Starting with the right vehicle makes all the difference. In this case, a military surplus 1998 Stewart and Stevenson M1088 semi-truck tractor. Originally configured as a dump truck, it has a tyre inflation system and is more than up to the challenge of toting the around 11,800-kilogram living space across all sorts of terrain. These diesel-powered trucks are practically unstoppable. In this case, the M1088 is limited only by its 208-liter fuel tank and 50 mph top speed.
The interior is a marvel, with two slideout sections to double the living space. It features a pass-through to the cab. Windows and skylights make the interior feel airy and light, aided by the whitewashed plywood walls. The kitchen includes a sink, a small refrigerator, and a four-burner stove. Both the couch and dining area convert into beds. In the back, there are two bunk beds and storage for books, clothes, and school supplies.
Fully provisioned with food and 246 liters of water, the family can live for over a week off the grid. A diesel heater warms the inside of the truck cab, living space, and an outdoor shower. Batteries provide 600 amp hours of electricity, recharged from a 2,600-watt solar array.

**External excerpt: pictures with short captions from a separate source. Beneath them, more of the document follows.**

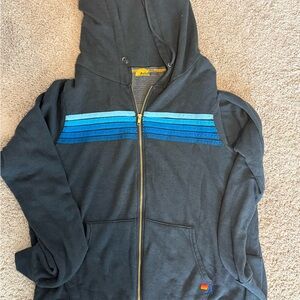 Aviator Nation Charcoal Hoodie with Blue Accents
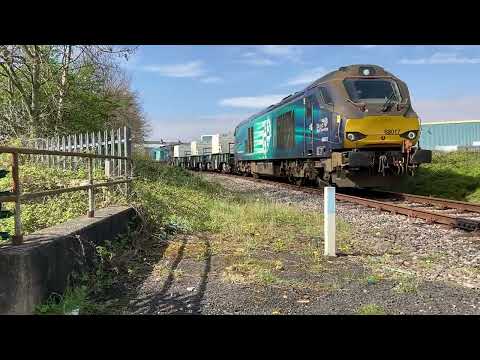 68017 and 68018 on 6C51 Sellafield to Heysham flasks passing Morecambe Wed 13th April 2022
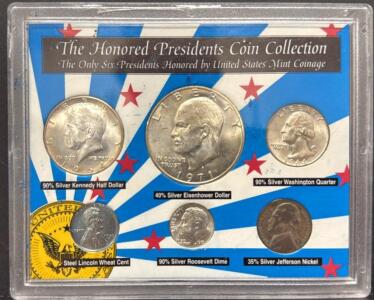 Honored Presidents Coin Collection &ndash; 6 Coins: 90% Silver Half, Quarter, Dime, 35% Nickel, Steel Cent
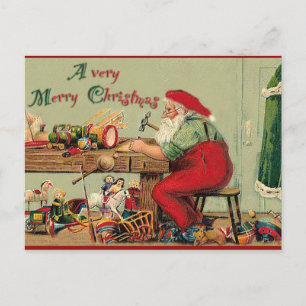 Vintage Frohe Weihnachten mit Santas Werkstatt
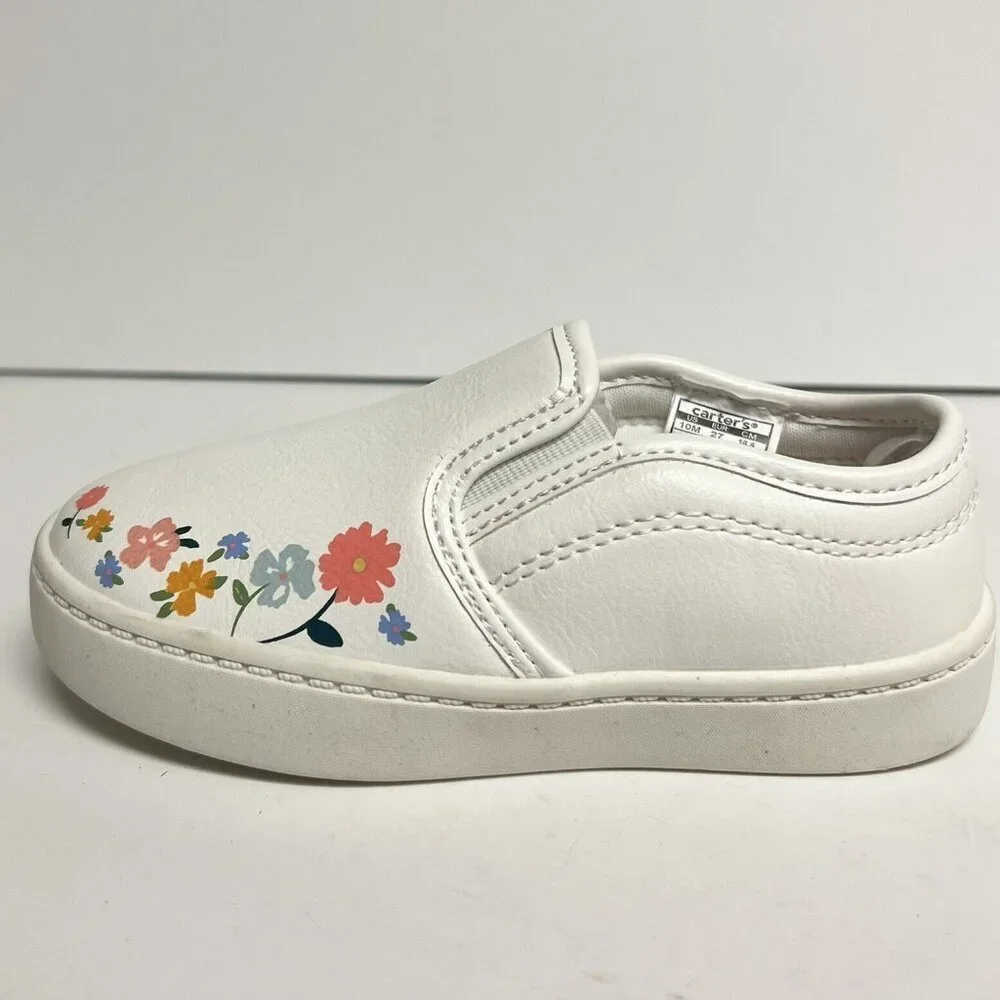 Carters' Little Kids' Nettie Slip On Shoes White, Girls' Size 10 M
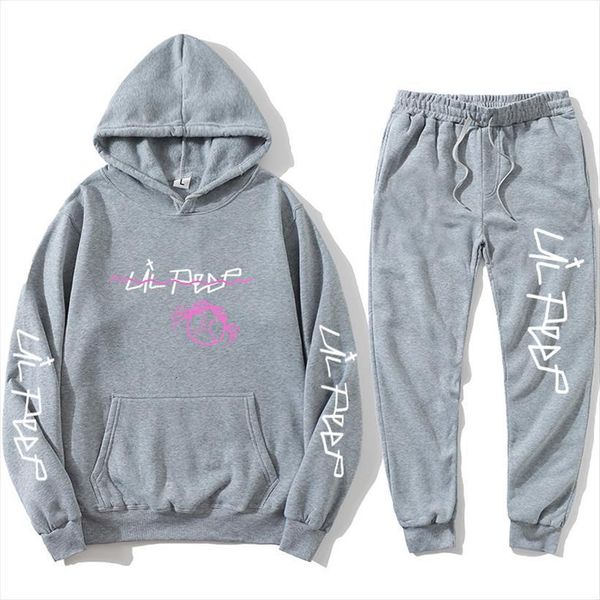 

rip lil peep sudadera mens tracksuits con capucha conjuntos de para hombre mujer invierno clido polar sudaderas pantalones trajes hip, Gray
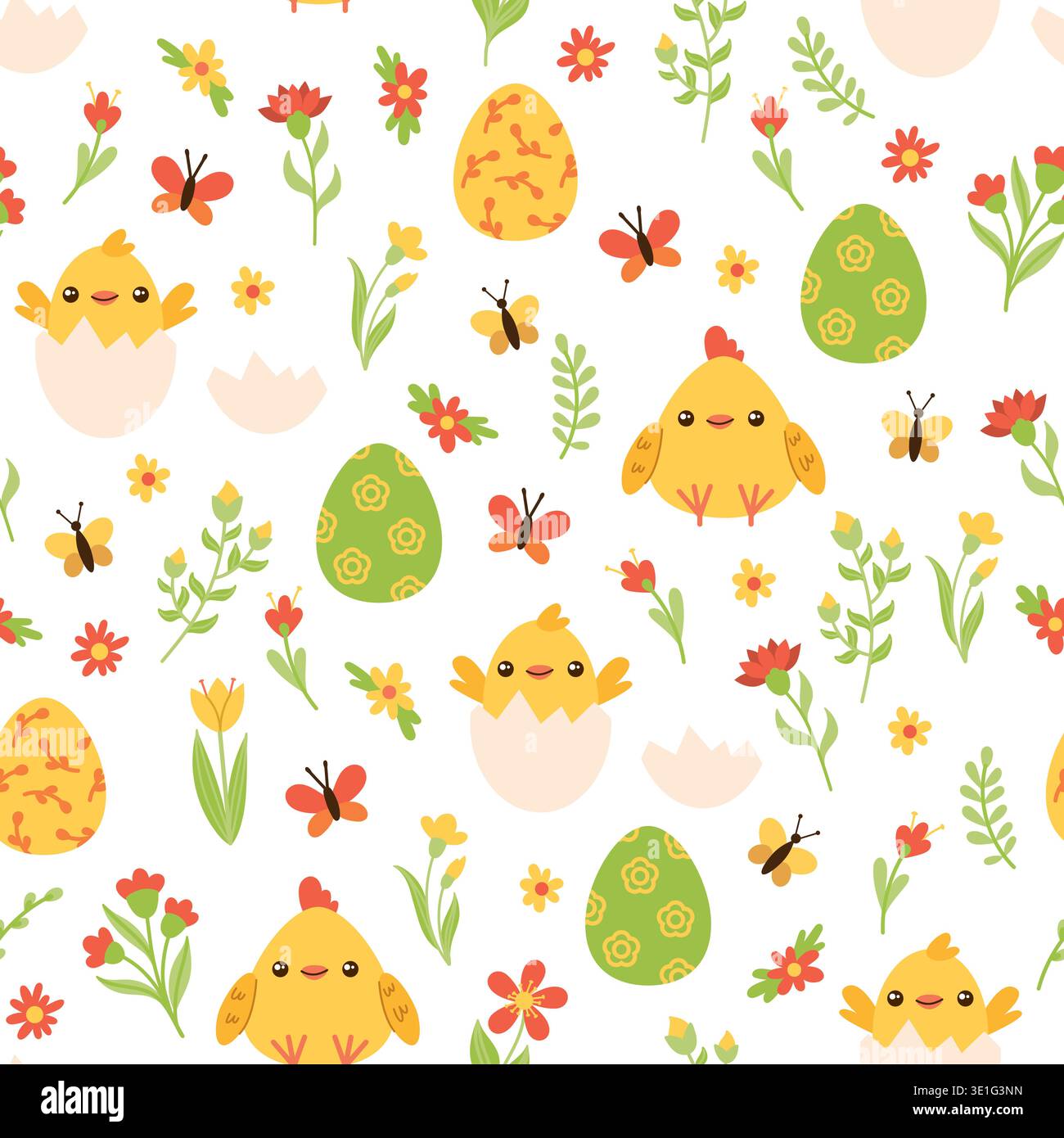 Easter pattern with cute chicks and eggs Stock Vector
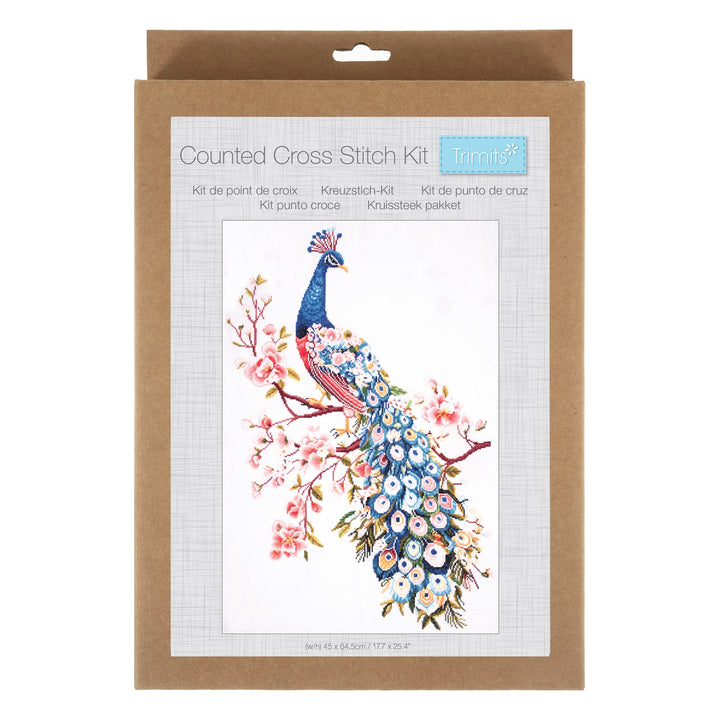 Counted Cross Stitch Kit: Extra Large: Peacock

Rather than squeeze everything into the living space, the family uses a trailer to store food, tools, bicycles, and other supplies. Like the living space, the family built the trailer, saving money by doing the work themselves. Where possible, they used free, reclaimed, or recycled materials, including barn wood, to save money.
All in all, it cost £65,400 to buy the truck, trailer, equipment, and building materials. The family sold their house and used the proceeds to pay for everything. For the five of them, this is not a vacation. It's real living, including laundry, cooking, and home-schooling. But they have no regrets, seeing this opportunity as an investment in their family.